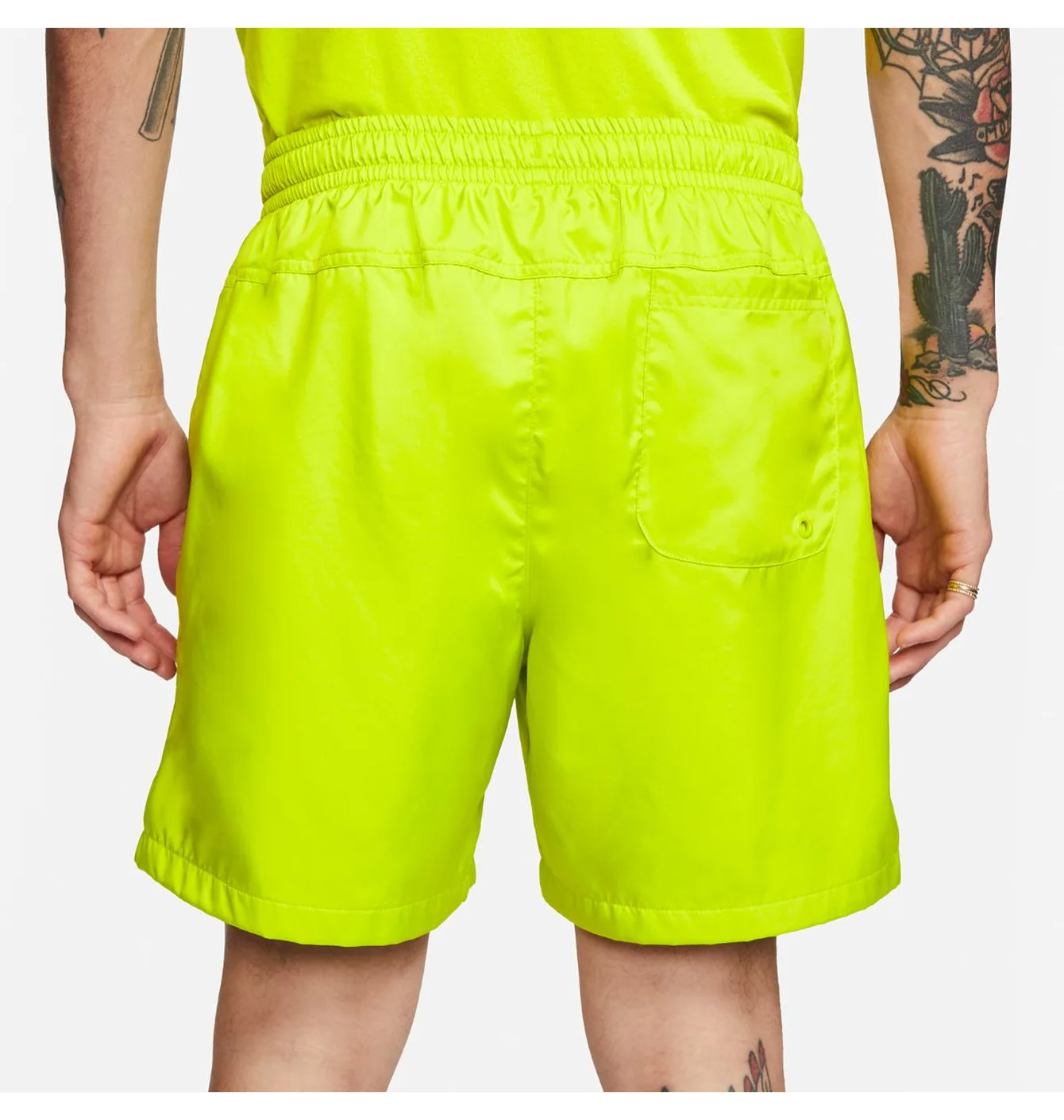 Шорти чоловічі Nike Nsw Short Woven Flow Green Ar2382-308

--

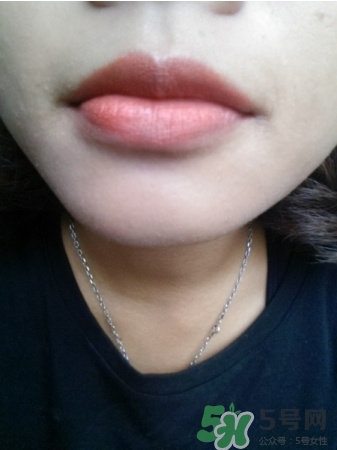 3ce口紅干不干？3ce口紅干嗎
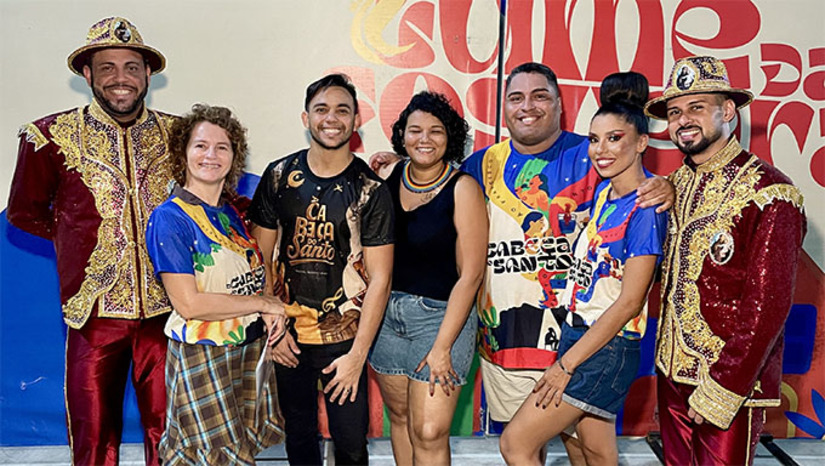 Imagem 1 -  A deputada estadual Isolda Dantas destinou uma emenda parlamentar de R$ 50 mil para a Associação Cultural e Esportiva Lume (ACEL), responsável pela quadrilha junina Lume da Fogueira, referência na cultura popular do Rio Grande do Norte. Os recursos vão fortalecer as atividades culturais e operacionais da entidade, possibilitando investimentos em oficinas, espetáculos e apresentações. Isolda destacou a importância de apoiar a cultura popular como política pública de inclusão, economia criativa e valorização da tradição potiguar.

--

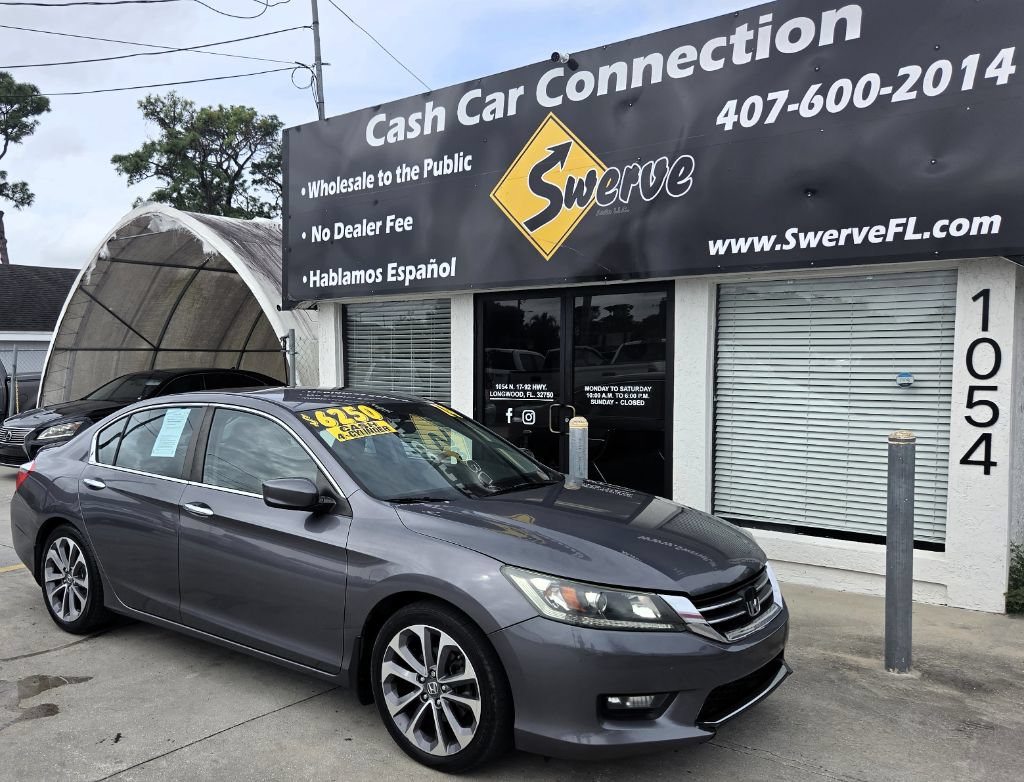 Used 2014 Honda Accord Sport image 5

--

WHAT TO PRODUCE: From the material above, output only the span of lines that starts at the one containing "3ce口紅干不干？3ce口紅干嗎" and finishes at the one containing "da tradição potiguar.", word for word and free of pictures.

SOLUTION TO THIS EXERCISE:
 3ce口紅干不干？3ce口紅干嗎
 Imagem 1 -  A deputada estadual Isolda Dantas destinou uma emenda parlamentar de R$ 50 mil para a Associação Cultural e Esportiva Lume (ACEL), responsável pela quadrilha junina Lume da Fogueira, referência na cultura popular do Rio Grande do Norte. Os recursos vão fortalecer as atividades culturais e operacionais da entidade, possibilitando investimentos em oficinas, espetáculos e apresentações. Isolda destacou a importância de apoiar a cultura popular como política pública de inclusão, economia criativa e valorização da tradição potiguar.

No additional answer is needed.